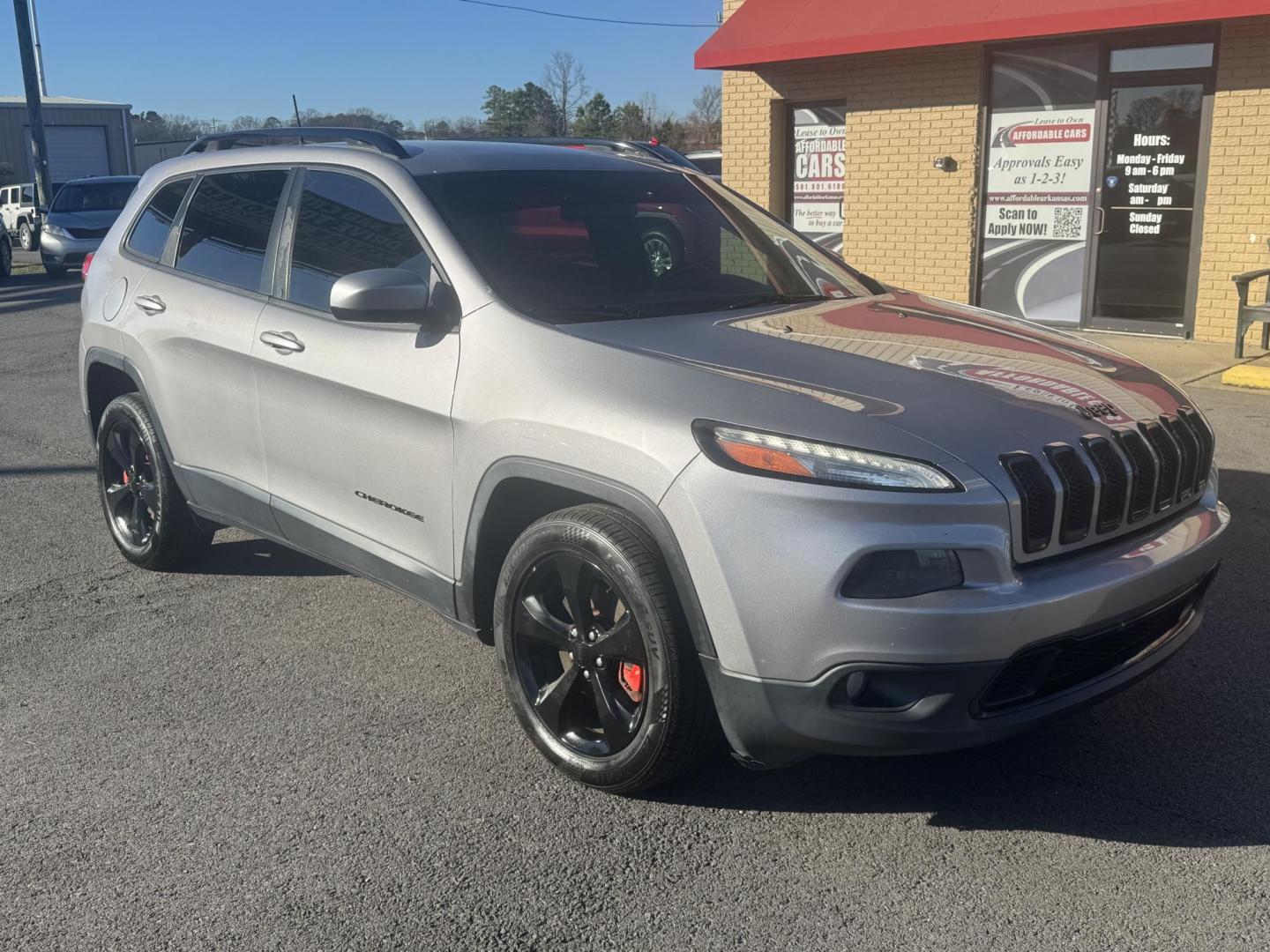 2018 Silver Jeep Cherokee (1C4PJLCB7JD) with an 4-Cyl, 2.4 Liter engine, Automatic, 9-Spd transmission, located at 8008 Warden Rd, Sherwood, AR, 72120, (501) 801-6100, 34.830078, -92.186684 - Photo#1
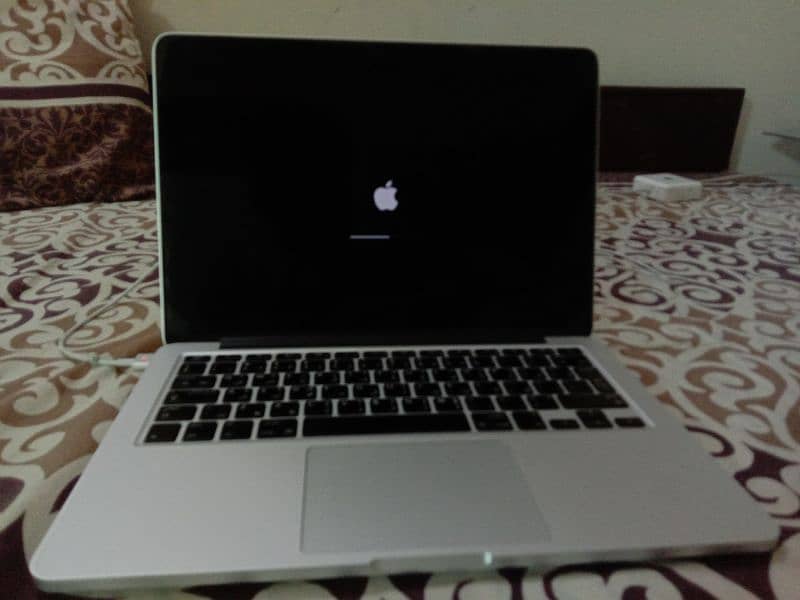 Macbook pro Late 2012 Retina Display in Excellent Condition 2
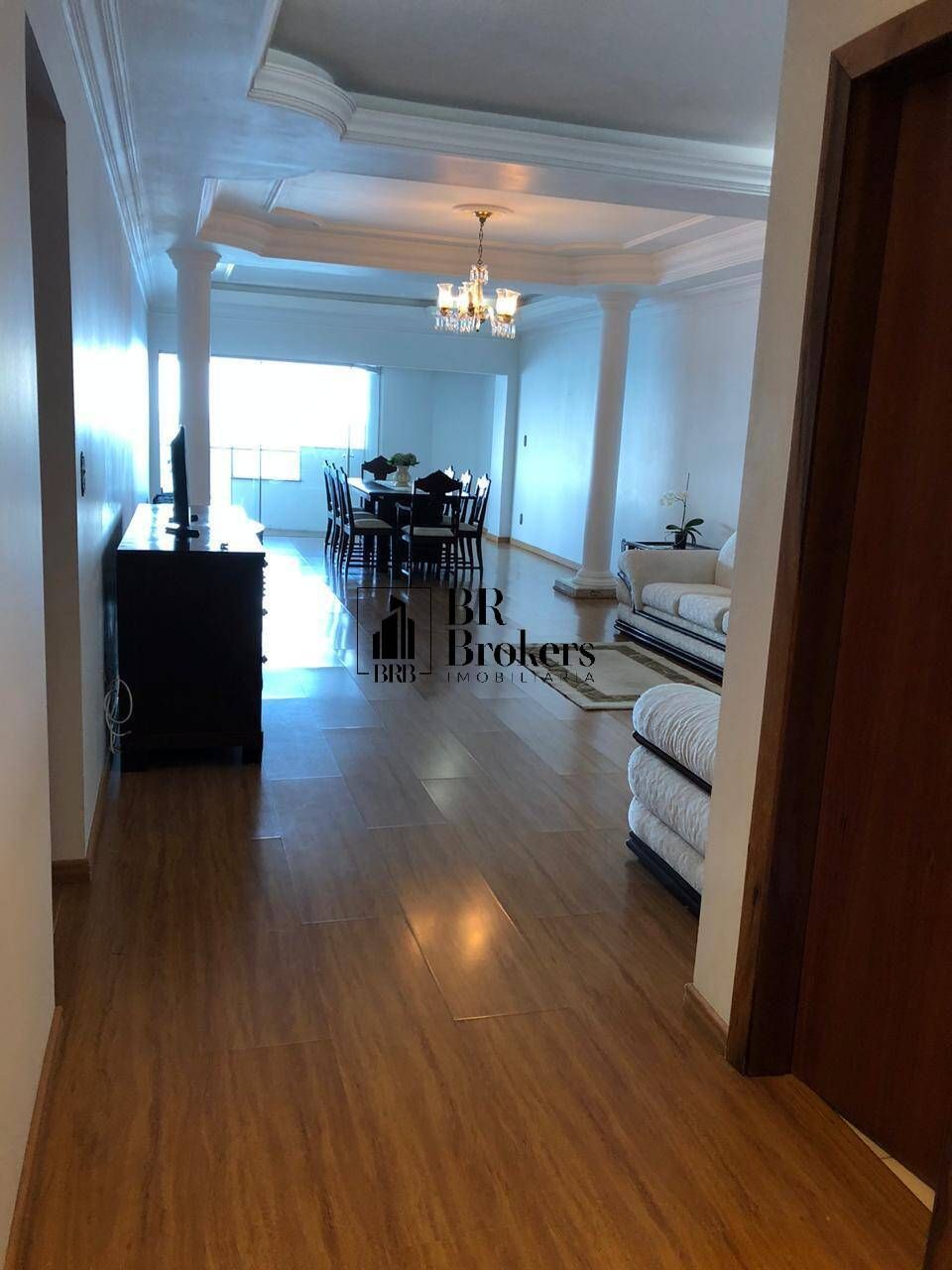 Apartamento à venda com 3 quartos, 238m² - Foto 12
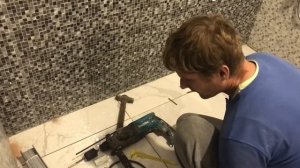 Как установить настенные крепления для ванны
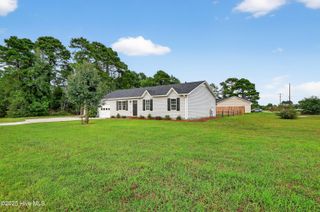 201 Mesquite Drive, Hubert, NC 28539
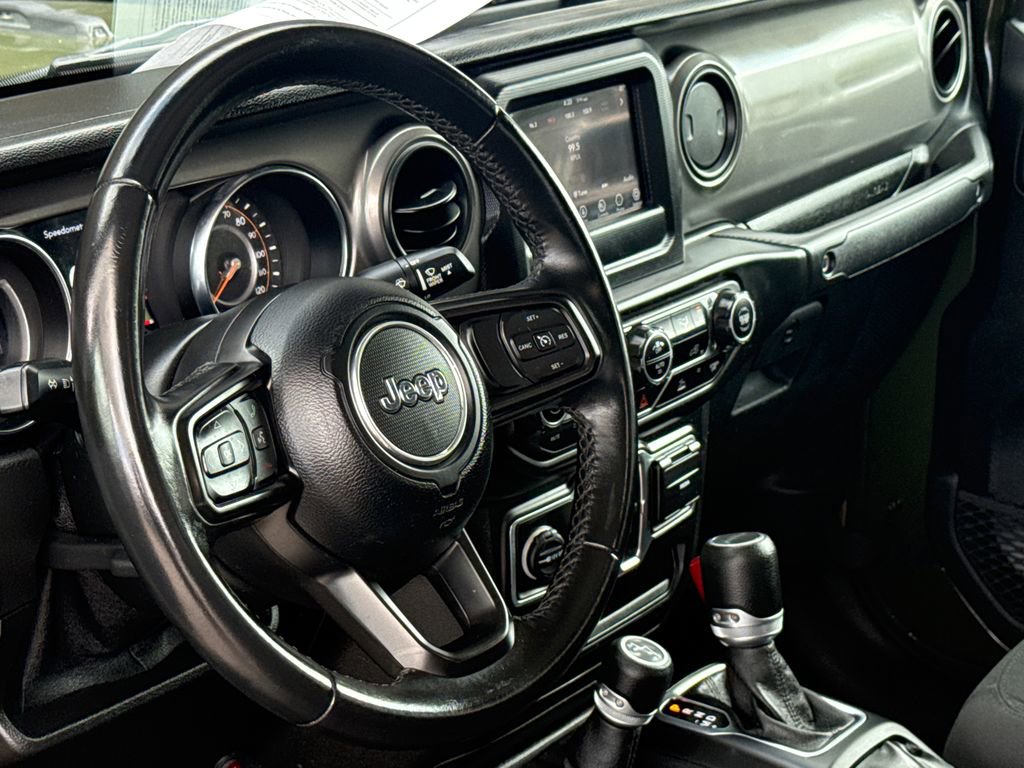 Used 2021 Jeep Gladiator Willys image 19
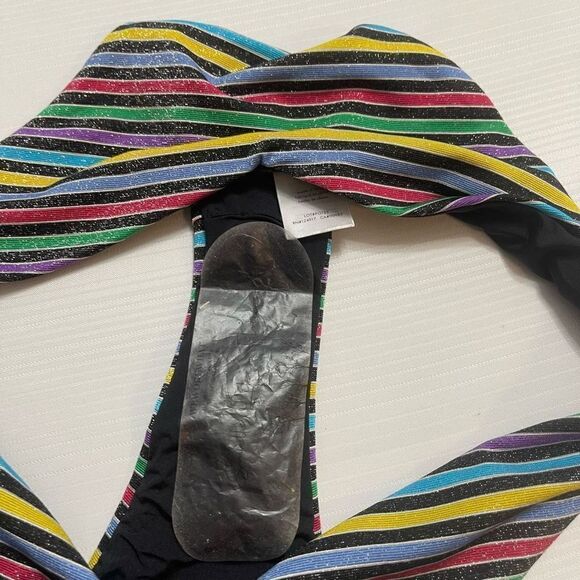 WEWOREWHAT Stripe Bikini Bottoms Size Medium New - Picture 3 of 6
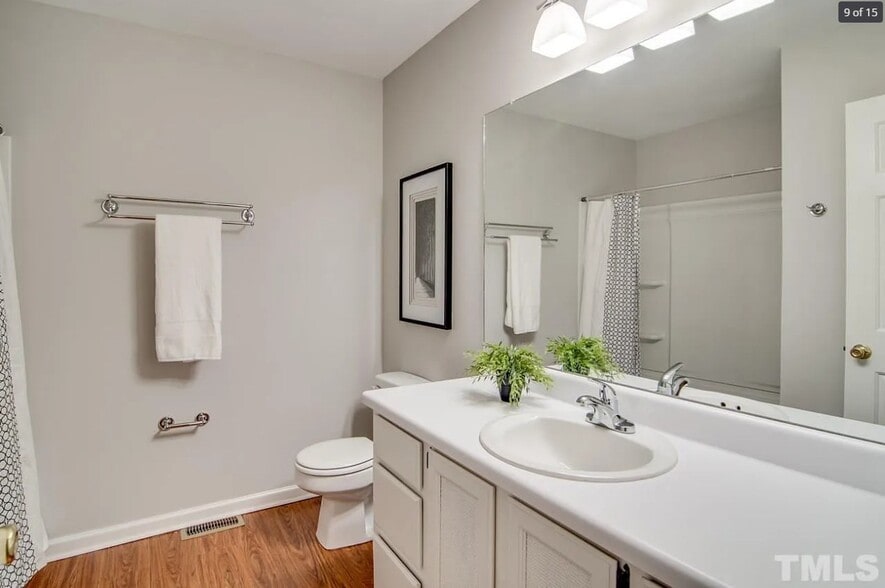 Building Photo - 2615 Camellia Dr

About this exercise
In your copy of the listing, please omit the pictures and keep every word exact.

Solution
 2018 Silver Jeep Cherokee (1C4PJLCB7JD) with an 4-Cyl, 2.4 Liter engine, Automatic, 9-Spd transmission, located at 8008 Warden Rd, Sherwood, AR, 72120, (501) 801-6100, 34.830078, -92.186684 - Photo#1
 Macbook pro Late 2012 Retina Display in Excellent Condition 2
 Apartamento à venda com 3 quartos, 238m² - Foto 12
 Как установить настенные крепления для ванны
 201 Mesquite Drive, Hubert, NC 28539
 Used 2021 Jeep Gladiator Willys image 19
 WEWOREWHAT Stripe Bikini Bottoms Size Medium New - Picture 3 of 6
 Building Photo - 2615 Camellia Dr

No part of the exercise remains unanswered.